Poco dopo, Costa centra Romero, che si accascia; il cubano si rimette subito in piedi e spalle a parete con un gancio atterra il brasiliano. Il cambio di rotta della contesa è così immediato che l’arena esplode e colora l’incontro di un’enfasi se possibile ancor più esagerata. Romero tenta di tenere giù Costa, ma il brasiliano ha un wrestling molto fisico e altrettanto tecnico.

Il repertorio di Costa è davvero vasto e dopo aver costretto Romero più volte durante il match spalle a parete, lo lavora con diversi montanti al corpo, diretti, calci circolari di una precisione millimetrica. Il ritmo è altissimo e, per quanto Romero possa rispondere colpo su colpo, è praticamente sempre spalle a parete a cercare il singolo colpo per ribaltare l’inerzia che non delle combinazioni. La condizione atletica dei due è spaventosa, ma se Romero è ancora relativamente fresco, Costa è un carro armato verticale; il brasiliano subisce alcuni colpi, alcuni anche pesanti, ma non batte ciglio, avanza e continua ad attaccare.

Sono tre riprese di una ferocia unica, anche quando arriva il fisiologico calo dell’intensità il copione rimane lo stesso: Costa insegue, Romero indietreggia. Nell’ultima il brasiliano sale di livello e grazie a ripetuti middle kick inizia a fiaccare la resistenza dell’avversario, che deve usare tutta la sua abilità da incassatore per non cedere. Alla fine dell’incontro i loro volti mostrano tutta l’intensità dello scontro: Costa sanguina dal naso, risultato di tutti i destri e sinistri portati dal Romero, che a sua volta è visibilmente segnato in viso. In termini di colpi, alla fine, il vantaggio sarà leggermente in favore del cubano, ma Costa avrà messo i colpi migliori, convincendo i giudici a dichiararlo vincitore per decisione unanime.

Il pubblico rumoreggia sulla decisione, ma Costa ha effettivamente fatto più del suo avversario. Subito dopo l’incontro esprime un desiderio: incontrare il campione, che in quel momento è Robert Whittaker. Da allora è passato un anno, Adesanya ha sconfitto Whittaker, ma già da prima, lui e Costa avevano iniziato a battibeccare su Twitter.

https://twitter.com/BorrachinhaMMA/status/1231323875520086016

Adesanya dà a Costa del “pallone dopato”, facendo illazioni circa l’assunzione di sostanze proibite da parte del brasiliano. I due si promettono di mettersi KO, velocemente si costruisce un hype mediatico intorno allo scontro. L’antipatia umana fra i due, in ogni caso, pare essere genuina.
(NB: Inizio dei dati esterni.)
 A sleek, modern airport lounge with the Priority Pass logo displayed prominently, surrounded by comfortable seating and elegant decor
I due dovrebbero incontrarsi a UFC 248, a marzo di quest’anno, ma Costa è costretto a fermarsi per operarsi al bicipite e il match salta. Ma non la rivalità: i due continuano a punzecchiarsi sui social anche quando Adesanya supera Romero, chiamato in sostituzione proprio del brasiliano. Il match fra i due è noioso e caratterizzato da un basso ritmo e numero di colpi e Costa ne approfitta per sottolinearlo.
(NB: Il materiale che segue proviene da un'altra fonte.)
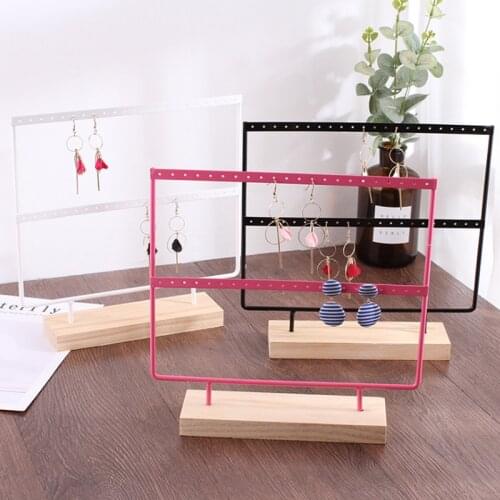 Fashion 44 Holes Wood Earrings Organizer Jewelry Holder Necklace Bracelet Rack 2 Layers Jewelry Display Stand Jewelry Packing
A luglio, arriva finalmente la conferma: Israel Adesanya affronterà Paulo Costa il 26 settembre. In palio, il titolo dei pesi Medi UFC. Non si vedeva un match titolato in UFC fra imbattuti da quando Rashad Evans affrontò Lyoto Machida nel lontano 2009, a UFC 98. Undici anni nei quali lo sport ha subito una profonda trasformazione ed evoluzione.

L’ultimo campione dei pesi Medi brasiliano è stato anche il più importante nella storia della divisione, Anderson Silva. Un’eredità importante e Paulo Costa lo sa, promettendo di diventare il nuovo rappresentante della leva brasiliana.

Tra il dire e il fare c’è di mezzo un campione del mondo imbattuto, Israel Adesanya.